EJERCICIO NO. 2 - EN UN LUGAR EXTRAÑO




La escritura desatada. Ejercicio no. 2 – En un lugar extraño...
 

 

Una de las cosas que más me gusta hacer en verano es pasear en bicicleta. Monto y atravieso a velocidad de crucero por sitios que nunca vi.

 

Esta vez fui en dirección norte, hacia Bury y en mi camino, vi a madres pasear con sus carritos. Una niña de mirada severa y tez oscura, a la que le adivino una inteligencia despierta, se quedó mirándome.

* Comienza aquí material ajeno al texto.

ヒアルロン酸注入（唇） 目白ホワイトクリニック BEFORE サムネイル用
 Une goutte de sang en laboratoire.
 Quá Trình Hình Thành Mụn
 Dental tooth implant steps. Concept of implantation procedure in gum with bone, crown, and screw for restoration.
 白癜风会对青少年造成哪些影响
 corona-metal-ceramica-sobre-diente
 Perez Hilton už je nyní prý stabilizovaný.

El suyo debe ser uno de esos nombres árabes, tan bonitos.

 

Mis pedaladas me llevaron al Blue Bell, el bar más famoso de la zona. Estaba medio lleno. El camarero se aproximó, un poco extrañado y me preguntó si quería comer dentro o fuera pero como la mayoría de las personas estaban allí, señalé una mesa y me acompañó. Al sentarme pude reparar en mis compañeros de sobremesa. Sólo cinco lugares estaban ocupados, sobre todo, por gente anciana. Una de las señoras, la más vieja de la sala tenía un andador detrás del asiento y departía tranquilamente con su compañera pero una vez saqué la libreta para tomar notas, su actitud y la de los restauradores cambió. Comenzó a mirarme mientras no dejaba de mover su boca. Tenía una forma de expresarse decidida y el lenguaje corporal de su interlocutora decía que la escuchaba con atención.

 

En la mesa contigua, había tres mujeres que se situaban en un abanico con respecto a mí. Una de ellas, la de la izquierda, rara vez intervenía en la conversación y tan sólo asentía ante los embates de su compañera del centro, una mujer grande y colorada por efecto del sol que no dejaba de hacer gestos con las manos. Tenía gracia natural y desparpajo. La tercera, sin embargo, estaba preocupada, como ausente, humor que hacía juego con el color de sus ropas, azules. De aquel trío, era la única que no llevaba sandalias.

 

Otras tres amigas estaban a mi lado, en la última mesa de aquella fila, envueltas en un diálogo lento e interrumpido por los sorbos de té. Las otras dos parejas allí presentes, se hallaban al fondo junto a la máquina de café, desterrada de la barra y un grupo de personas ocupaban el tenderete rojo bajo el que estaba la única sombra en aquel lugar. Cuando hubieron acabado, mis tres vecinas y la anciana del andador y su pareja abandonaron la estancia dejando gran parte de su comida tras de sí.

 

Su ausencia fue cubierta por otros dos pares: uno joven y otro viejo. Los dos jóvenes llegaron antes y parecían ser del este. Por un momento asumí que debían ser polacos por sus rasgos y a juzgar por la expresión, ella no estaba muy contenta con él. Por su economía de movimientos, adiviné que debía ser una persona práctica y él, un hombre de aspecto desgarbado y poco cuidado, era más bien sencillo. Sostenían una charla donde ninguno reía. El matrimonio, ya entrado en años, hizo entonces aparición. Él, más serio y sin ganas de que le molestasen; su mujer, con dos muletas, se sostenía al lado de la primera mesa mientras saludaba a la chavala joven, que ahora sonreía. A pesar de sus ayudas para sostenerla, la lesionada se mostraba jovial y no paraba de hablar.

 

Poco a poco, la hora de comer se extinguía y todos nos recostamos un poco más en nuestras sillas. Los camareros estabán ociosos. Uno de ellos, el más alto, contaba chistes y parecía un poco canalla. Sus dos compañeros se reían mientras un hombre recogía su pinta de Guinness de la barra y ocupaba su localidad.

 

Me dio pena irme. Sólo en esta calle pude encontrar un hombre con pies descalzos y calcetines de colores que se despidió hasta la próxima. Era hora de volver a la ciudad.